BEGIN

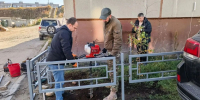 В Магадане установили ограждение у палисадника в память о погибших в зоне СВО - Единая Россия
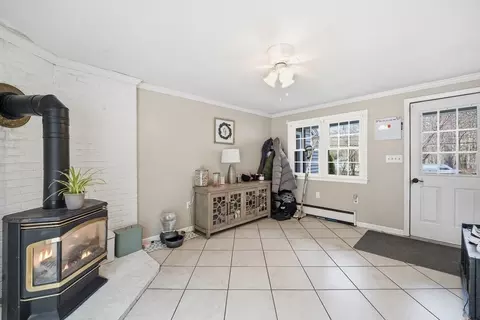 1173 E Mountain Rd, Westfield, MA 01085 photo 9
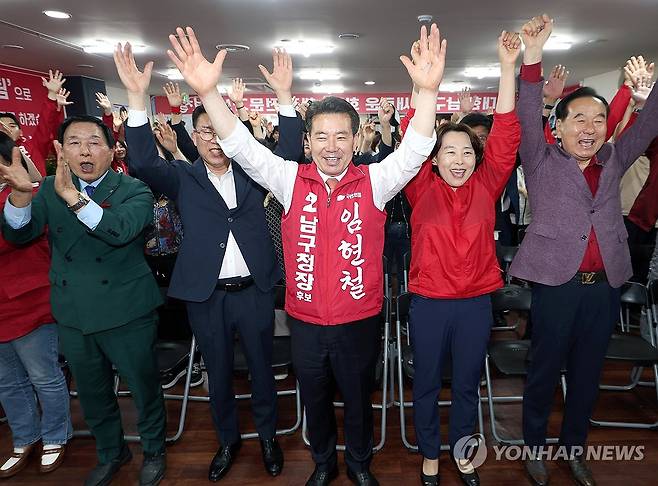 임현철 울산 남구청장 후보, 당선 확실시 (울산=연합뉴스) 장지현 기자 = 국민의힘 임현철 울산 남구청장 후보가 4일 자신의 선거사무소에서 당선이 확실시되자 지지자들과 함께 만세를 외치고 있다. 2026.6.4 jjang23@yna.co.kr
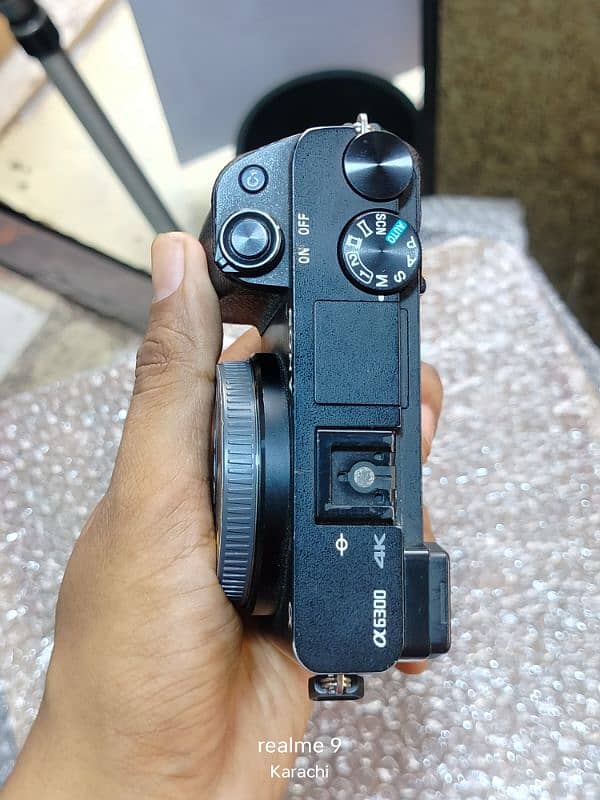 Sony a6300 Mirrorless body | in good condition 1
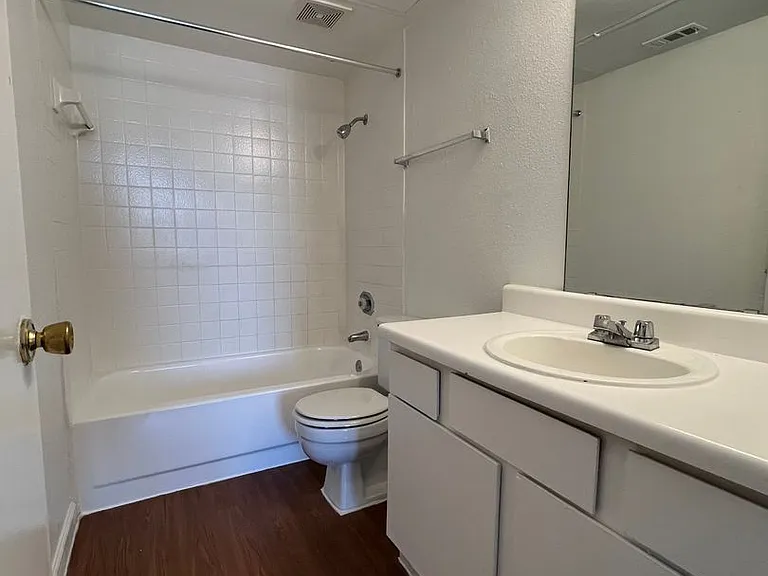 Emerald Cove Apartments — Photo 84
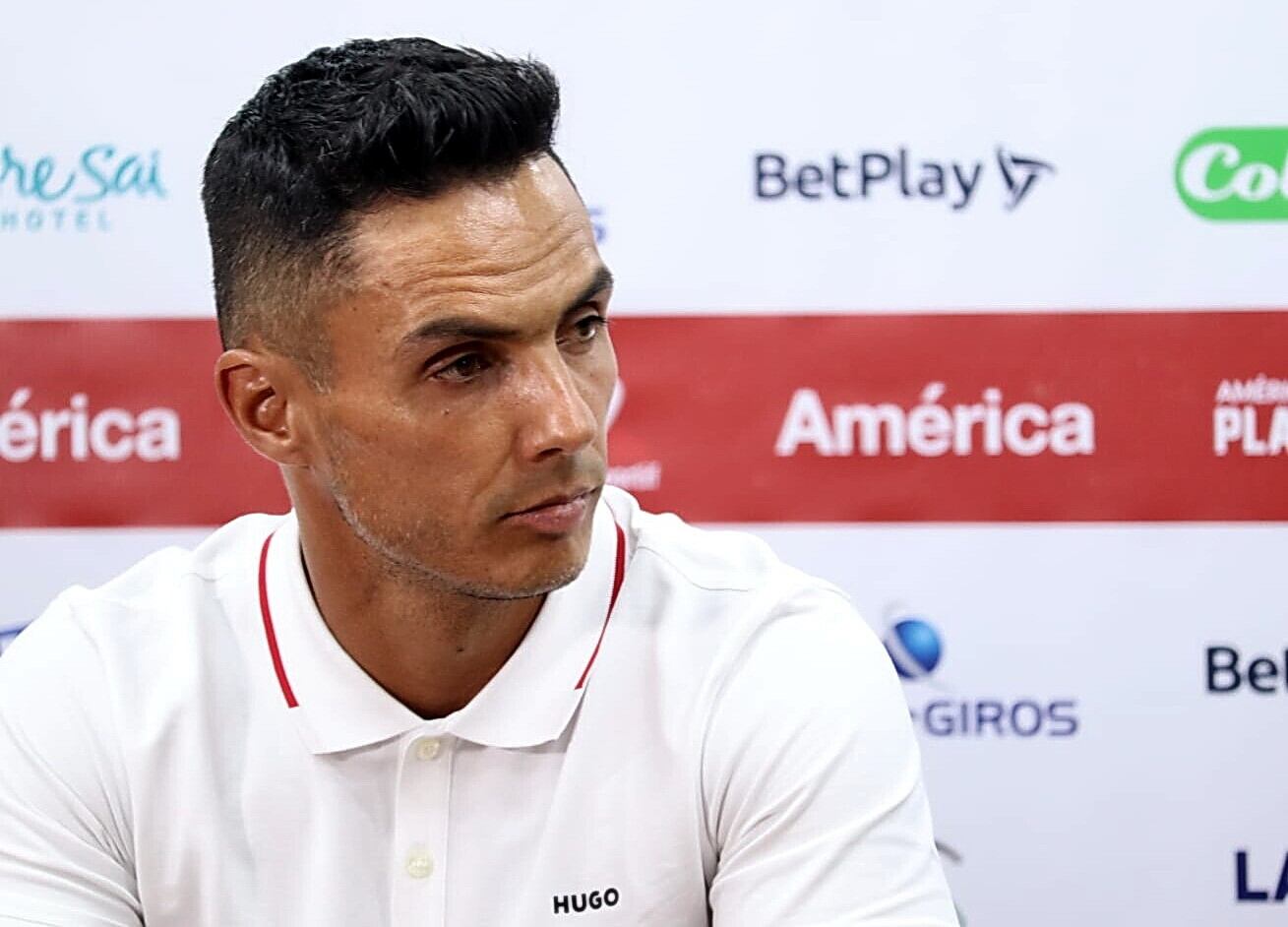 Lucas González apenas transita su primer año como técnico de la primera división.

END

Problem description:
The records above are to be reproduced exactly; the pictures are to be left out.

Task answer:
 В Магадане установили ограждение у палисадника в память о погибших в зоне СВО - Единая Россия
 1173 E Mountain Rd, Westfield, MA 01085 photo 9
 임현철 울산 남구청장 후보, 당선 확실시 (울산=연합뉴스) 장지현 기자 = 국민의힘 임현철 울산 남구청장 후보가 4일 자신의 선거사무소에서 당선이 확실시되자 지지자들과 함께 만세를 외치고 있다. 2026.6.4 jjang23@yna.co.kr
 Sony a6300 Mirrorless body | in good condition 1
 Emerald Cove Apartments — Photo 84
 Lucas González apenas transita su primer año como técnico de la primera división.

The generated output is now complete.